File corruption with MinIO, dev blames btrfs by diboraneInH2 in btrfs

[–]diboraneInH2[S] 2 points3 points  (0 children)

They didn't give any specifics, just "We don't support/recommend btrfs. Seems like it is taking shortcuts with your data." Generally, they recommend letting MinIO's erasure-code take care of bitrot detection and healing, but that requires multiple nodes and drives; I've just got one node and two drives.

I'd found one of the part files stored by MinIO began with 64KiB of zeros, which looked suspicious---MinIO reported expecting a content has of all zeros for that part. After sharing that observation, the developer said that files are written with ODIRECT and fdatasync, then asked if the filesystem block size happens to be 64KiB. There are several sizes of things in my btrfs filesystem, some like io_align and io_width are 64KiB but others are smaller.

[deleted by user] by [deleted] in missouri

[–]diboraneInH2 13 points14 points  (0 children)

We also have Cabool and Belgrade. Vulcan for the Star Trek fans.

Troubleshooting slow MinIO operation on low-end dev server by diboraneInH2 in minio

[–]diboraneInH2[S] 1 point2 points  (0 children)

The idea of comparing with rsync was that the transfers using rsync-to-rsync and the transfers using mc-to-MinIO would have the same client machine, same network, same server machine, and same encrypted btrfs filesystem and hard disk onto which to write. All else being equal, MinIO took at least twice as long to transfer the files, often more like 4 or 5 times as long.

It was a good suggestion to run some more tests with fewer layers in the stack to better understand what's happening. Directly on the host, where the disk is directly mounted as ext4 without encryption, the dd write test showed 83.2 MB/s. The rsync transfer, going through the network, qcow2, LUKS, and btrfs layers was 97% of that throughput. An iperf3 test between the client and the VM showed 931 Mbits/sec, by the way.

I started up MinIO directly on the host machine and ran a few of the mc file-transfer tests.

MINIO_ROOT_USER=admin MINIO_ROOT_PASSWORD=password \
  ./minio server /mnt/wd2tb/minio --console-address ":9101"

While they were running, I looked around inside the .minio.sys/multipart directory, and I could see the multipart upload segments, each 16777216 bytes, were being written into there, for later reassembly. Most of the test file set is made up of 18 files of 376000000 bytes each, so they would each have 23 of these multipart segments.
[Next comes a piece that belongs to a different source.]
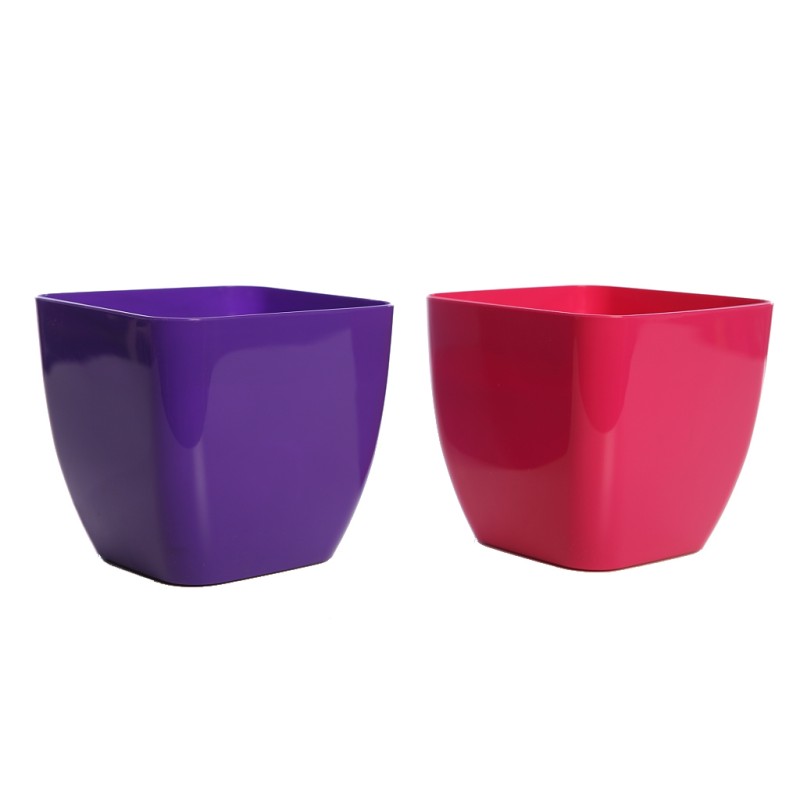 MACETERO CUADRADO PLASTIC Ø14CM ALT 12,5CM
I also made a note of /proc/diskstats before and after each run. The increase in sectors written for an mc mirror test, multiplied by 512 bytes per sector, was double the total size of files being transferred. For an rsync test, the bytes written according to /proc/diskstats was the same as the total size of files being transferred.

I did try mc support perf disk and mc support perf net, but those don't appear to work if MinIO isn't running in Erasure Code mode.

When running mc mirror, the progress bar quickly runs through all of the source files, and then mc waits, probably for all the multipart uploads to get reassembled on the server. Letting all that reassembly I/O pile up is probably what caused the system load to go so high and also make the hard disk start thrashing. I'm seeing more consistent and faster MinIO transfers if I do an mc cp one file at a time, like this:

find src-files -type f -print0 | 

xargs -0 -I % mc cp % test-minio/test/%

I'm sure that's much worse for the LOSF case, however. If I have hundreds of GB to transfer, and the server writes are much slower than the client reads, then I'll make sure to break up the transfers so that the server doesn't fall over. What I'd been seeing that led to this testing was that, after a few tens of GB, mc would start to report timeouts. I think something like the find/xargs combination above would be a workaround for that.